Die Dynamik in Claudels Skulpturen wird ebenso bei ihrem Hauptwerk “L’Âge mûr” (“Das reife Alter”) aus dem Pariser Musée d’Orsay deutlich. Die Figurengruppe stellt eine junge Frau dar, die versucht, ihren deutlich älteren Geliebten aufzuhalten. Jene Dynamiken Claudels zeigten einen Unterschied zum Stil des berühmten französischen Bildhauers Auguste Rodin, wie Deseyve beschreibt. Claudel war einst eine Schülerin Rodins und pflegte Ende des 19. Jahrhunderts eine Liebesbeziehung mit ihrem Lehrer, die aber in die Brüche ging.

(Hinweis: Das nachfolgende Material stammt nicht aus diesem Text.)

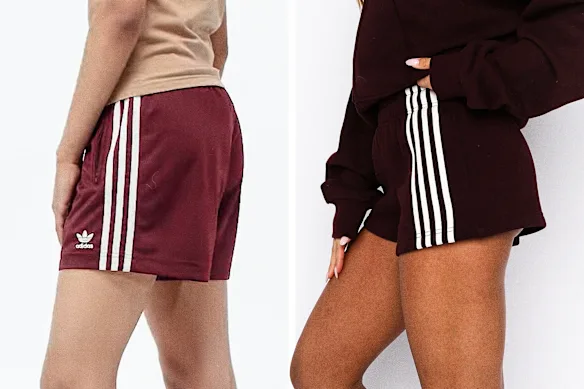 Dans quelle mesure Adidas a-t-il un droit sur les rayures ?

Als Ausgangspunkt für die Ausstellung in der Alten Nationalgalerie dient eine Begegnung von Claudel und Hoetger aus dem Jahr 1905 in Paris. Der Galerist Eugène Blot richtete der französischen Bildhauerin und dem jungen deutschen Künstler damals eine Doppelausstellung ein. Präsentiert wurden dort zwölf Bronzen Claudels und 33 Bronzeplastiken von Hoetger zusammen mit Gipsen und Zeichnungen. Bis auf wenige verschollene Arbeiten von Hoetger zeigt die Sonderausstellung nun alle der damals ausgestellten Arbeiten.
Das Treffen zwischen Claudel und Hoetger wurde laut den Initiatoren der Schau in der Kunstgeschichte bislang nur wenig beachtet und kaum erforscht. “Daher war das eine weitere Motivation für die Ausstellung hier in Berlin”, erzählt Deseyve. Die damalige Doppelausstellung in Paris war für die Wahrnehmung und Verbreitung der Werke von Claudel von großer Bedeutung, und auch Hoetger feierte dort seinen künstlerischen Durchbruch.
Durch eine Kooperation mit der Berliner Bildgießerei Noack zeigt die Ausstellung darüber hinaus eine Schritt-für-Schritt-Einführung in die damals wie heute üblichen Techniken des Bronzegusses. “Dieser Teil ist ein Fokus der Berliner Station der Sonderausstellung”, so Anette Hüsch, Direktorin der Alten Nationalgalerie. Die Ausstellung findet in Kooperation mit dem Paula-Modersohn-Becker-Museum in Bremen und dem Musée Camille Claudel in Frankreich statt.